AIM OF THE TASK:
The records are to be copied from the line that contains "3755 Kettle View DRIVE, Slinger, WI 53086" through their last line, word for word, with every picture left out.

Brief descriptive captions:
************

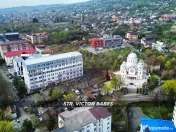 Apartament 3 camere, doua niveluri, compartimentare unica... 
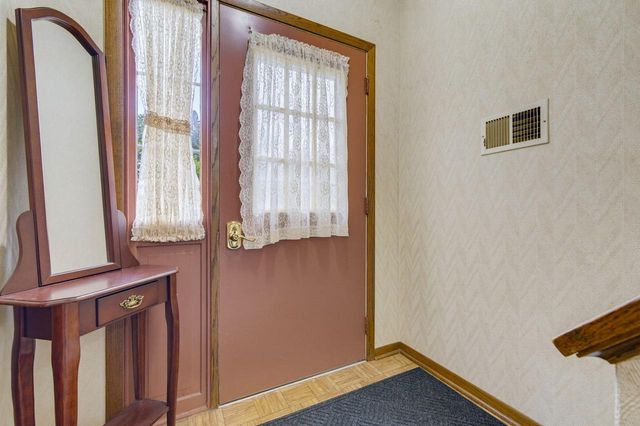 3755 Kettle View DRIVE, Slinger, WI 53086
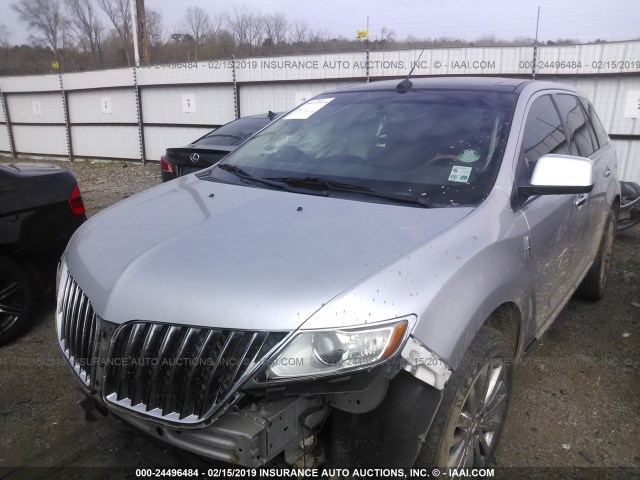 2LMDJ6JK5BBJ11422 - 2011 LINCOLN MKX SILVER photo 2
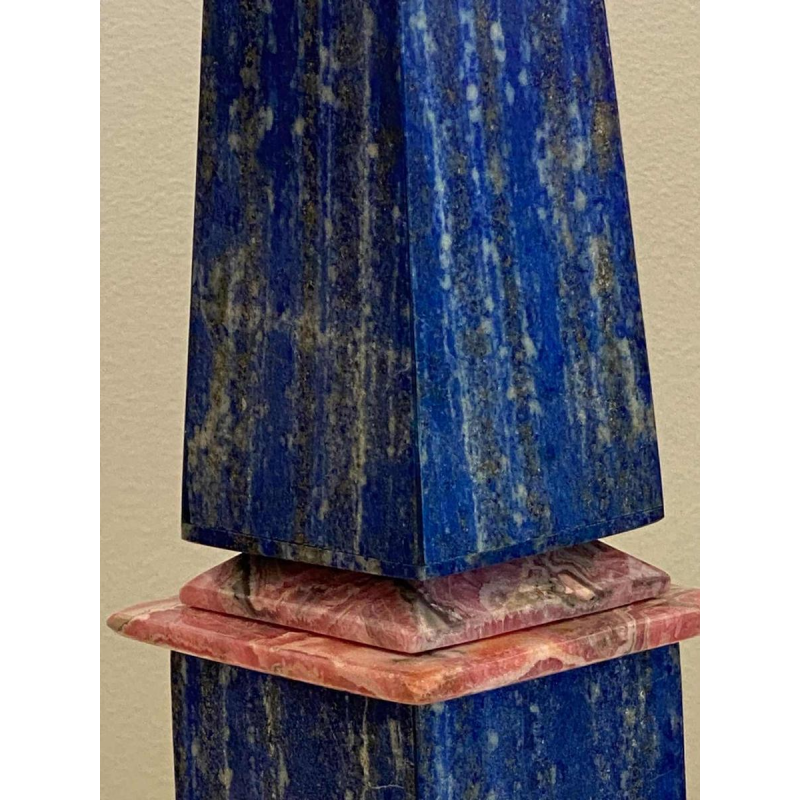 Sculpture Obelisk lapis lazuli & rhodochrosite, ca 1970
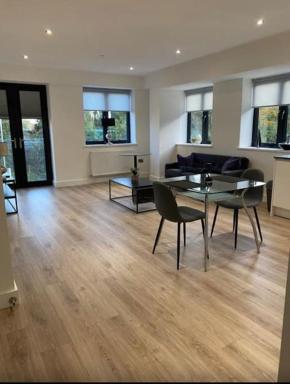 Brand new luxury apartment with free parking and gym - Housity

************

TASK SOLUTION:
 3755 Kettle View DRIVE, Slinger, WI 53086
 2LMDJ6JK5BBJ11422 - 2011 LINCOLN MKX SILVER photo 2
 Sculpture Obelisk lapis lazuli & rhodochrosite, ca 1970
 Brand new luxury apartment with free parking and gym - Housity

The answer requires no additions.